Наутро я посмотрел в зеркало и пообещал себе забыть ее и все, что было с ней связано. Забыть, но не простить. Я удалил песни Земфиры и больше не заглядывал в Князь.

***

Прошло семь лет. Мы сидим словно незнакомые, и в то же время какие-то по особому близкие - нас невидимой нитью связывают воспоминания.

– За воспоминания, которые не умирают - говорю я и поднимаю бокал и тут же понимаю, что воспоминания о первой влюбленности давно умерли, оставив от себя где-то в глубине памяти лишь блестящую накидку ушедших эмоций, под которой ничего нет. И вот... эта девушка по-прежнему сидит на том же месте, такая же красивая, словно материализованная игрой моего воображения, но… уже не та особа, в которую я был когда-то влюблен. Я вижу, как образ, возникший в моей голове, подобно тени, переплывает по стенам кафе и соединяется с ее телом, сидящим напротив - словно окутывая ее снаружи - а потом вновь отделяется и плавно вылетает в соседнее окно. Я чувствую благодарность. Я мысленно говорю ей «спасибо» за то, что семь лет назад она научила меня чувствовать и влюбляться в женщин. Я благодарю ее как одного из множества моих учителей жизни.

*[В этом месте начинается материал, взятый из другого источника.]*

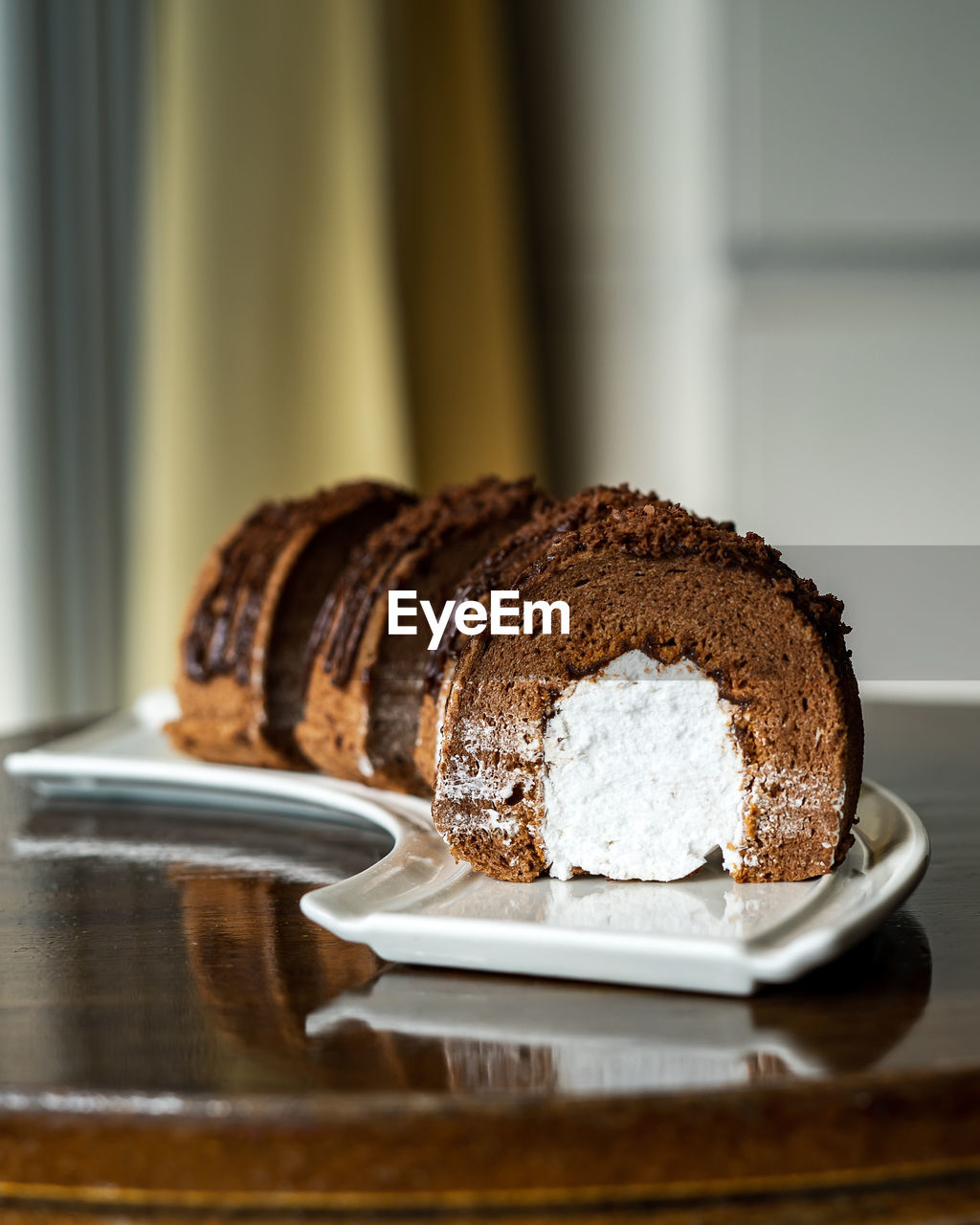 Chocolate roll with fresh cream on a white plate and wooden background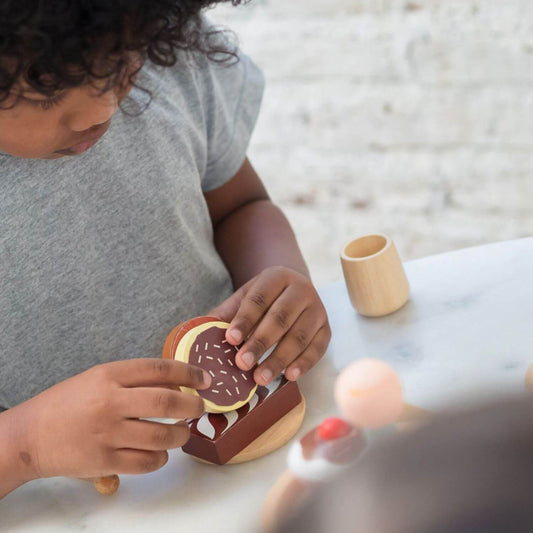 Boy Playing PlanToys Bakery Stand Set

Она говорит, что ей уже пора. Уклоняется от моего "жеста вежливости" и намерения помочь ей одеться. Мы гуляем по осенним улицам ночной Москвы, и периодически я прошу ее идти чуть медленнее, чтобы это было похоже на прогулку, а не марафон.

Я смотрю в ее угольно-черные глаза и не вижу в них больше никакой магии - просто красивые глаза, как у многих других. Я сажаю ее в такси. Я вставляю в уши наушники и иду гулять по малой Дмитровке. Уличные музыканты нежно поют "All of me" Джона Ледженда. На душе у меня привкус какого-то светлого чувства и ощущение тепла, идущего из груди.

Я мысленно прощаюсь с прошлым и отпускаю его. Отпускаю его навсегда.